EXERCISE DETAILS>
With the pictures left out, restate every entry word for word.

DATA SECTION>
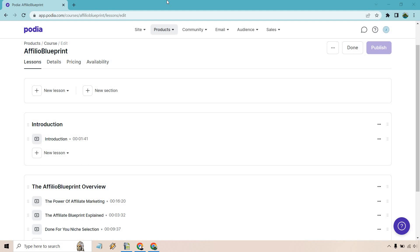If you'd like to follow along or just test out Podia, I will leave a link down below in the description. If you click that, they actually come with a free plan, so there's a lot of cool features that you can test out.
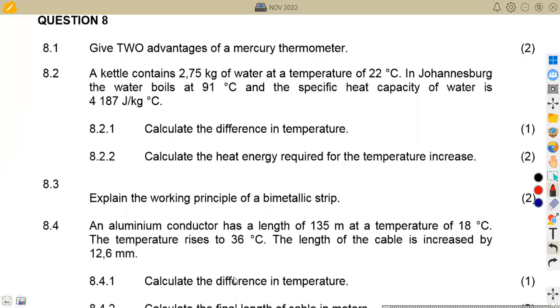Hello guys, welcome back to Maison African Motives, still on Engineering Science N1. In this platform, we shall be working on heat from the question paper of November 2022, focusing on heat.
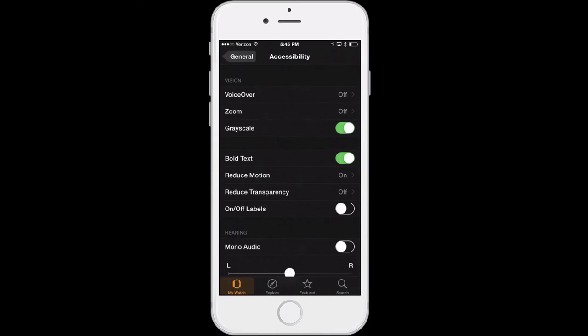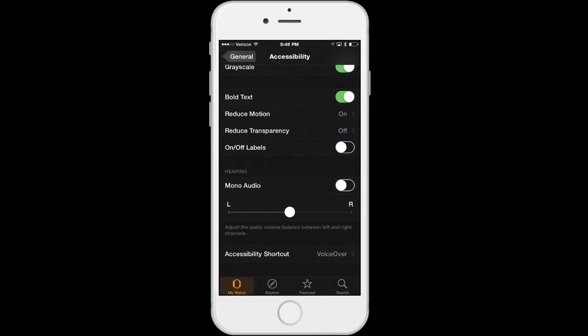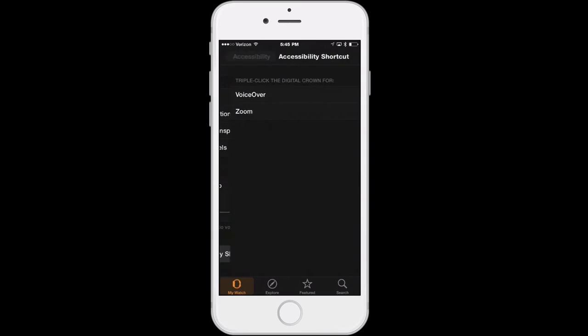Apple Watch also supports an accessibility shortcut very similar to the one available on iOS devices, but instead of triple clicking the home button you'll triple click the Digital Crown instead. To turn on this accessibility shortcut, scroll down to the bottom of the accessibility pane on the Apple Watch app on your iPhone, then choose Accessibility Shortcut, and here you can choose between VoiceOver and Zoom as the feature that you can turn on and off.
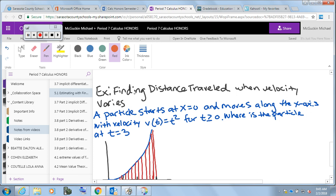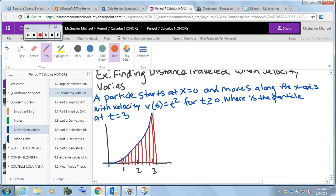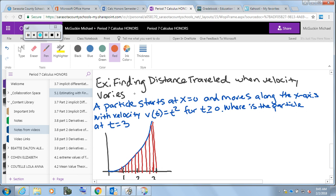In this first example, we're going to look at what's called the MRAM — the Midpoint Rectangle Approximation Method. We're going to use rectangles at the midpoint of each interval, which gives a good approximation. It's a good way to get our feet wet. The example is about finding distance traveled when velocity varies: a particle starts at x equals 0 and moves along the x-axis with velocity v(t) = t².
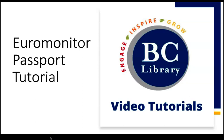Welcome to a tutorial on Euromonitor Passport. At the end of this video, you'll know how to use this tool to complete two common tasks: finding brand shares and market size for consumer goods.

FINISHED TASK>
If you'd like to follow along or just test out Podia, I will leave a link down below in the description. If you click that, they actually come with a free plan, so there's a lot of cool features that you can test out.
Hello guys, welcome back to Maison African Motives, still on Engineering Science N1. In this platform, we shall be working on heat from the question paper of November 2022, focusing on heat.
Apple Watch also supports an accessibility shortcut very similar to the one available on iOS devices, but instead of triple clicking the home button you'll triple click the Digital Crown instead. To turn on this accessibility shortcut, scroll down to the bottom of the accessibility pane on the Apple Watch app on your iPhone, then choose Accessibility Shortcut, and here you can choose between VoiceOver and Zoom as the feature that you can turn on and off.
In this first example, we're going to look at what's called the MRAM — the Midpoint Rectangle Approximation Method. We're going to use rectangles at the midpoint of each interval, which gives a good approximation. It's a good way to get our feet wet. The example is about finding distance traveled when velocity varies: a particle starts at x equals 0 and moves along the x-axis with velocity v(t) = t².
Welcome to a tutorial on Euromonitor Passport. At the end of this video, you'll know how to use this tool to complete two common tasks: finding brand shares and market size for consumer goods.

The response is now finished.